If what he says is true: 'He that errs in a question of faith, after
having used reasonable diligence to be rightly informed, is in no
fault at all'; how comes an atheist, or an infidel, a Turk, or a Jew,
to be in any fault? Does our author think that no atheist or infidel,
no unbelieving Jew or heathen, ever used reasonable diligence to be
rightly informed? * * * If you say, he confines this to such points as
have always been controverted in the churches of God, I desire to know
a reason why he thus confines it? For does not his reason equally
extend to the Christian Faith itself, as to those points which have
been controverted in Christian Churches?

And the Notary might ask in his turn: "Do you believe that the
Christians either of the Greek or of the Western Church will be damned,
according as the truth may be respecting the procession of the Holy
Ghost? or that either the Sacramentary or the Lutheran? or again, the
Consubstantiationist, or the Transubstantiationist?

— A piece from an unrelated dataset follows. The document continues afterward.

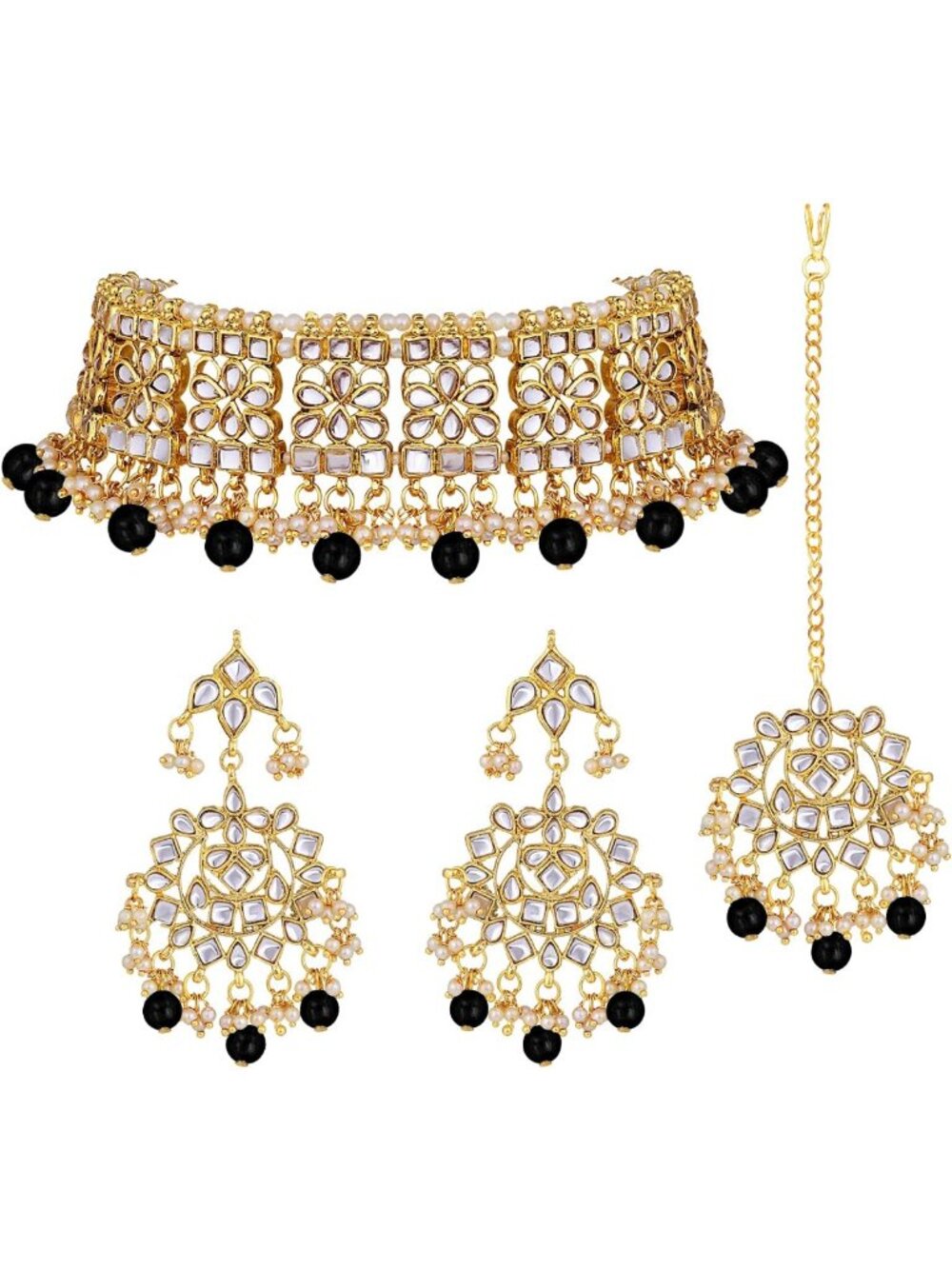 Elegant Indian Faux Kundan Choker Necklace & Maang Tikka Set for Ethnic Weddings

If not, why do you
stop here? Whence this sudden palsy in the limbs of your charity? Again,
does this eternal damnation of the individual depend on the supposed
importance of the article denied? Or on the moral state of the
individual, on the inward source of this denial? And lastly, who
authorized either you, or the pseudo-Athanasius, to interpret Catholic
faith by belief, arising out of the apparent predominance of the grounds
for, over those against, the truth of the positions asserted; much more,
by belief as a mere passive acquiescence of the understanding? Were all
damned who died during the period when 'totus fere mundus factus est
Arianus', as one of the Fathers admits? Alas! alas! how long will it be
ere Christians take the plain middle road between intolerance and
indifference, by adopting the literal sense and Scriptural import of
heresy, that is, wilful error, or belief originating in some perversion
of the will; and of heretics, (for such there are, nay, even orthodox
heretics), that is, men wilfully unconscious of their own wilfulness, in
their limpet-like adhesion to a favourite tenet?"